Он, что есть силы, старался выбросить из головы тот факт, что через каких-нибудь пять дней его взвод заступит в первый свой караул, а он останется в резерве. Но нет-нет, да и поднималась из глубин сознания напоминание об этом печальном обстоятельстве, и в такие моменты Трошкин чувствовал себя препогано.

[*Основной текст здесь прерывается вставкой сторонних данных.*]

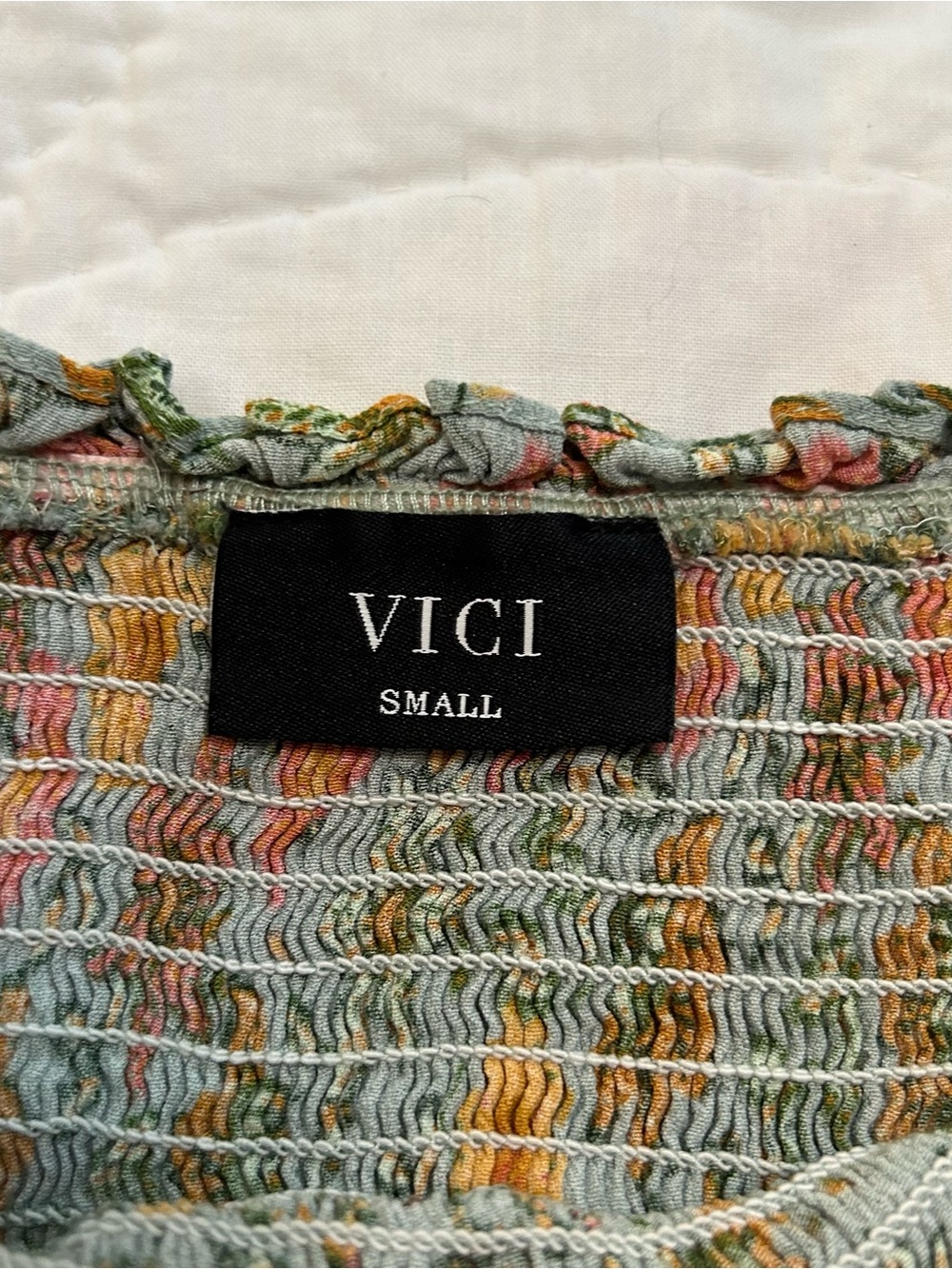 VICI Floral Smocked Mini Dress Womens S Tiered Ruffle Cottagecore Sundress - Picture 5 of 10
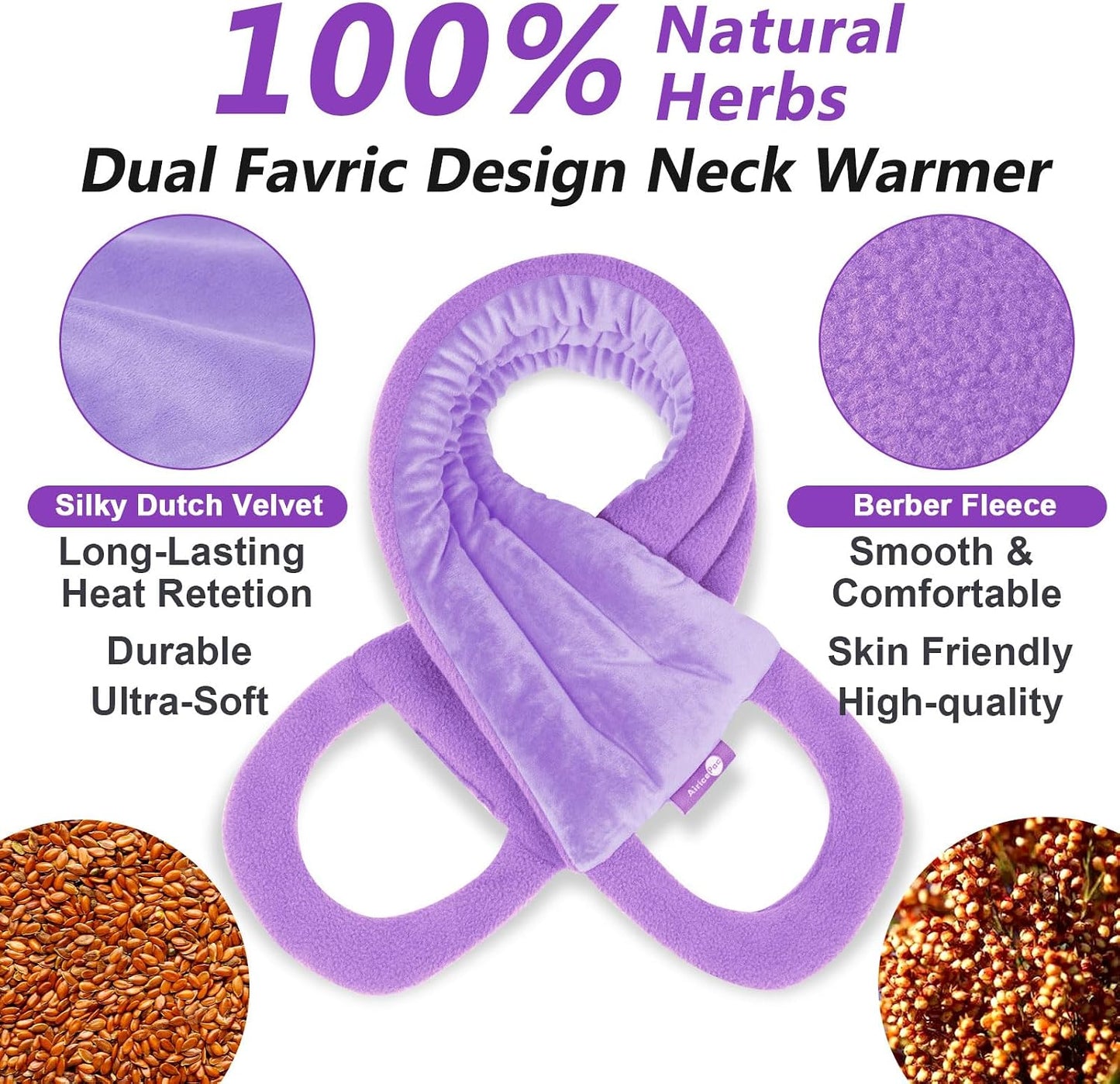AiricePac Microwave Heating pad for Neck and Shoulders Back 33 * 5" microwavable Moist Heat Pack Warm hot Compress Neck wrap Weighted Rice Bean Bag Reusable Herbal Nature Calming Portable Grey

...Спустя несколько месяцев, когда после очередного скандала с командиром, сообщавшем вдруг, что Трошкин должен заступить в караул с другим взводом вместо «закосившего» внезапно курсанта «Пупкина», Петя неизменно думал об этом злосчастном вечере. Он с грустью, а иногда и с улыбкой вспоминал тот день, когда факт назначения его резервным в караул вызвал у него реакцию средневекового крестьянина, отлучённого от церкви. Теперь это казалось ему диким проявлением мальчишества. Он твёрдо верил, что, если Шмаляйло вдруг стукнет в голову (чего, к сожалению, не случалось), и он запишет его в резерв, то Петя на него обижаться совсем не будет и, даже при случае, чертыхнётся в его сторону на пару раз меньше. Но этого почему-то не происходило. Спустя месяцы, слово «караул» и слово «романтика» уже не отождествлялись его серым веществом, как это было раньше. Они стали такими же разными, как понятия «отбой» и «подъем».
Но это будет потом, а пока...
...За окном было темно. Жёлтый безликий свет фонарей вырезал тусклые круги на асфальте перед казармой, а сильный, порывистый ветер качал голые ветви деревьев, отбивая всякое желание появляться на улице.
Был обычный осенний вечер, когда гул самоподготовки и лязг ложек в столовой стих и затерялся где-то на время, чтобы завтра снова оглушить курсантов своей многоголосой, разнотонной какофонией.
Был тот спокойный вечер, когда казарма впадала в дрёму, и нигде не задействованный личный состав слонялся по подразделению от «бытовки» до телевизора и наоборот. Ответственный офицер сидел в канцелярии и с нетерпением ждал вечерней поверки, чтобы с чувством глубокого удовлетворения доложить дежурному по училищу о наличии людей и умчаться на крыльях любви к молодой жене и вкусному ужину.
Петя Трошкин завалился на свою кровать, чтобы, глядя в окно, подумать о чём-нибудь приятном и спокойном или просто помечтать. Словом, отключиться от всех житейских проблем и неприятностей. Но Шмаляйло быстро разорвал призрачную нить Петиного спокойствия.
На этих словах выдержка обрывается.